«Il emportera son secret dans sa tombe». Voilà ce qu’on dit poliment du suicide en prison de Paul Laplante, accusé –avant de mourir- du meurtre de son épouse Diane Grégoire.
Poliment, car il s’agit de ce que j’ai entendu hier aux infos à LCN. Dans les médias sociaux, c’est moins lisse, et d’autant plus affolant. «Hourra, un procès évité», «lâche jusqu’à la fin», «La peine qu’il méritait». Commentaires d’amis d’amis que j’ai eu l’horreur de lire sur Facebook.
Évidemment, la présomption d’innocence est un concept juridique, une règle fondamentale qui prévaut uniquement devant le Tribunal. Évidemment, on ne peut pas empêcher les gens d’avoir des soupçons.
Mais je suis inquiète. Inquiète de constater un peu plus chaque jour depuis une dizaine d’années que la notion de présomption d’innocence, hors de l’enceinte du tribunal, n’a aucune espèce de valeur. Elle est en fait inexistante.

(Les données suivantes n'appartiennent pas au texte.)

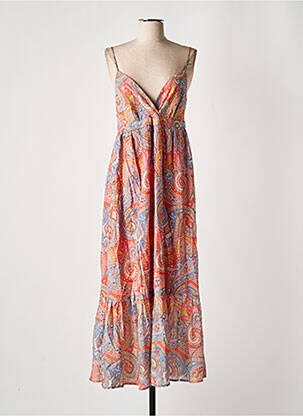 Robe longue manches bretelles ajustables fines bretelles orange MOLLY BRACKEN femme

Dès lors qu’une personne est arrêtée, elle est présumée coupable. Non seulement par la population, mais par les médias. Ceci explique cela, d’ailleurs, d’une manière certaine.
Parce que «tout est langage» (Dixit Françoise Dolto), il faudrait cesser de collectivement traiter les suspects et les prévenus en coupables. A fortiori dans les affaires de meurtre, puisque le meurtre est toujours, sauf très rares exceptions, jugé par un jury c’est-à-dire par des citoyens, des justiciables, des individus qui auront baigné dans cette présomption de culpabilité non seulement eu égard au crime à juger mais à tous les crimes qui font la manchette depuis qu’ils ont l’âge d’entendre et de lire.
Paul Laplante emporte-t-il son secret dans sa tombe? Peut-être. Mais surtout : peut-être pas. Et il existe une règle sacrée selon laquelle un accusé est présumé innocent jusqu’à preuve hors de tout doute raisonnable qu’il ne l’est pas. Le suicide est-il un aveu de culpabilité? Non. Et peut-on avoir un peu de respect pour les morts? Est-ce trop demander?
Le respect d’un mort jadis accusé n’implique pas l’irrespect d’une victime jadis son épouse.
C’est assez lassant de toujours devoir préciser, quand on défend les droits de personnes accusés, de toujours devoir expliquer, justifier, rassurer. Se défendre soi-même. Non, prendre la défense des droits d’un accusé, contrairement aux postulats du parti Conservateur du Canada et autres Pierre-Hugues Boisvenu, ne veut pas dire qu’on n’a pas d’empathie pour les victimes et les familles des victimes.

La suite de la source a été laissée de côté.